The infrastructure is now in place for enterprises to take advantage of the hyper-connectivity of the predicted 64 to 73 billion IoT-connected devices by 2025 [100,101], with 4G now available and 5G on the horizon. The smart home and healthcare markets hold the most promise for IoT development in the future, despite the fact that industrial IoT has already proved to be a profitable business model. While there are many benefits presented by this massive infrastructure of linked devices, we must address mounting privacy and security concerns [69,77]. The IoT extends previously constructed infrastructure as a technology, which raises the stakes in terms of security hazards for network administrators. IoT establishes numerous links to networks that were previously solely accessible by consumers through their own devices [97,102]. These extensions have the capacity to connect any device via automated processes without requiring human contact, resulting in a large number of access points from diverse devices that need to be guarded in order to safeguard the network. According to Gartner’s predictions, IoT-based devices will be involved in more than 25% of all cyber-attacks against enterprises [103]. Additionally, as connectivity grows, the variety, velocity, and volume of data will expand exponentially, further fueling the expansion of big data. Concerns over privacy will arise in relation to the types of data that businesses gather, handle, and keep as a result of this expansion but are further discussed in the next part of the article.

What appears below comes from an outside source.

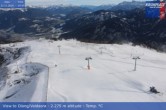 Archived image Webcam Olang, South Tyrol 09:00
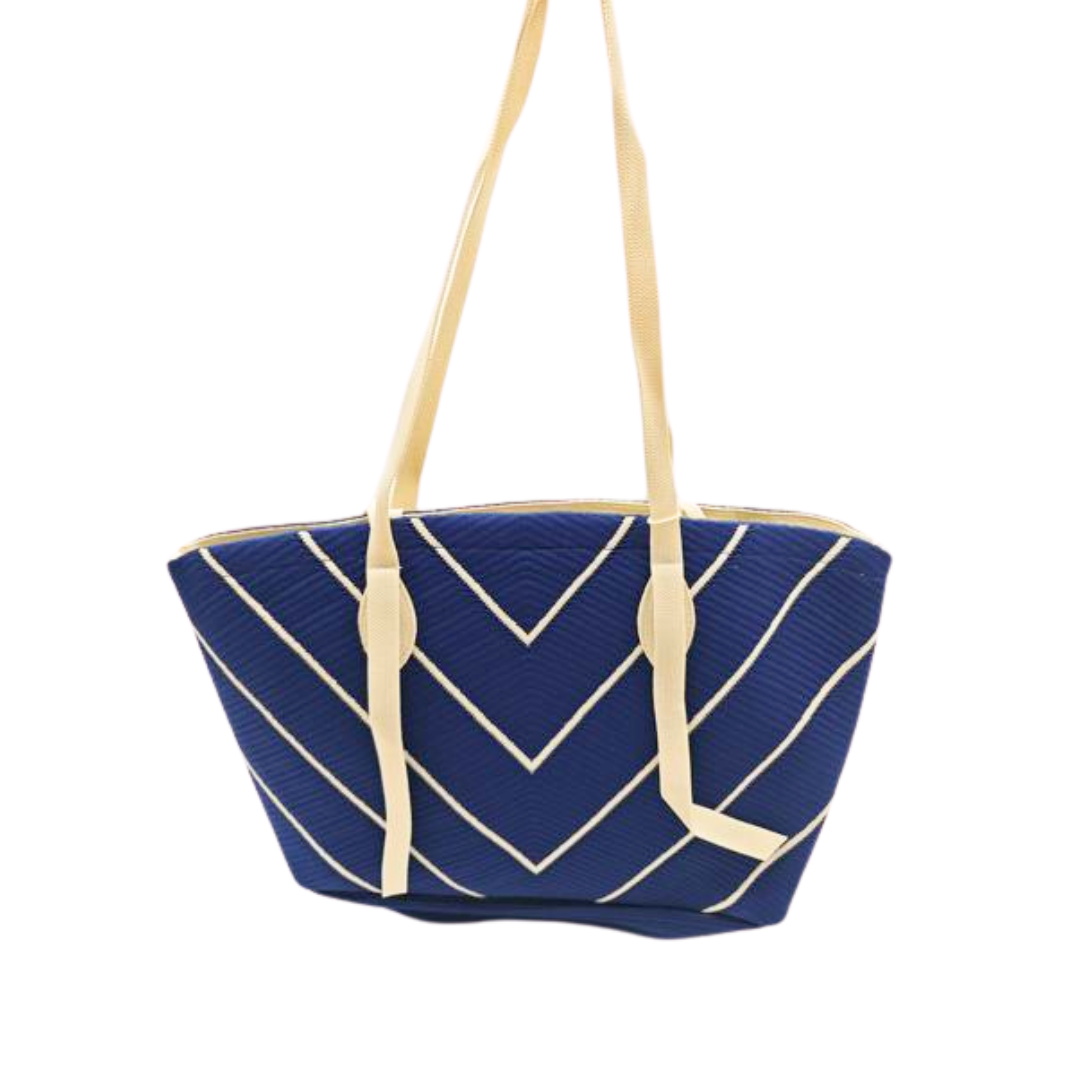 CARTERA DE TELA - CITY GIRL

One of the most frequently mentioned objectives of fog orchestration is proper and effective resource management [104,105,106,107,108,109,110,111]. Indeed, there is a significant relationship between resource availability and operations such as service placement and computation offloading [112]. The assurance of Service Level Agreements is a further objective that is commonly stated (SLAs). This objective is referred to as delay reduction in several works [35,113]. Others have set the objective as an increase in application performance or reaction time [114,115], and some have said that they want to guarantee SLAs or Quality of Service (QoS) [109,116,117,118,119]. Some articles [90,120,121] mention service life cycle management as an additional objective. When a service is enrolled, its images are stored on a repository, delivered to an executing platform when requested, monitored for availability, and the appropriate actions are taken as needed (e.g., updating the image, migrating, or replicating the service), all while attending to previously agreed-upon requirements. Additionally, there are references in the papers analyzed to other particular objectives such as cost reduction [117,122], reduced energy use [114,117], increased application resilience [35,123], trustworthy orchestration [124], and implementation of the convergence of NFV, 5G, and fog [125].

3.2.3. Privacy and Security

When it comes to matters of privacy and safety, we have to be able to classify different kinds of worries and assess how urgently we need to take action. Data vary in their sensitivity even though their volume and variety are both expanding. Low-to-high sensitivity and harm categories can be used to classify privacy concerns [102]. Security risks can range from annoyances, such as a denial-of-sleep attack that keeps one’s phone battery from charging to physical threats, such as a hacker taking control of one’s IoT-enabled car and causing an accident [126]. A threat’s potential harm and its sensitivity are both subjective because they depend on the users’ perception of the potential outcomes [103]. Users may, for instance, view a denial-of-service attack as a physical threat if they are unable to access their application, and they may view an attack on an IoT pacemaker as a comparable threat if it endangers their lives. However, stakeholders other than end users, such as those that design IoT devices, offer IoT services, and other parties, may also be affected by the hazards. Therefore, we must decide who to protect before thinking about how to respond to risks to privacy and security.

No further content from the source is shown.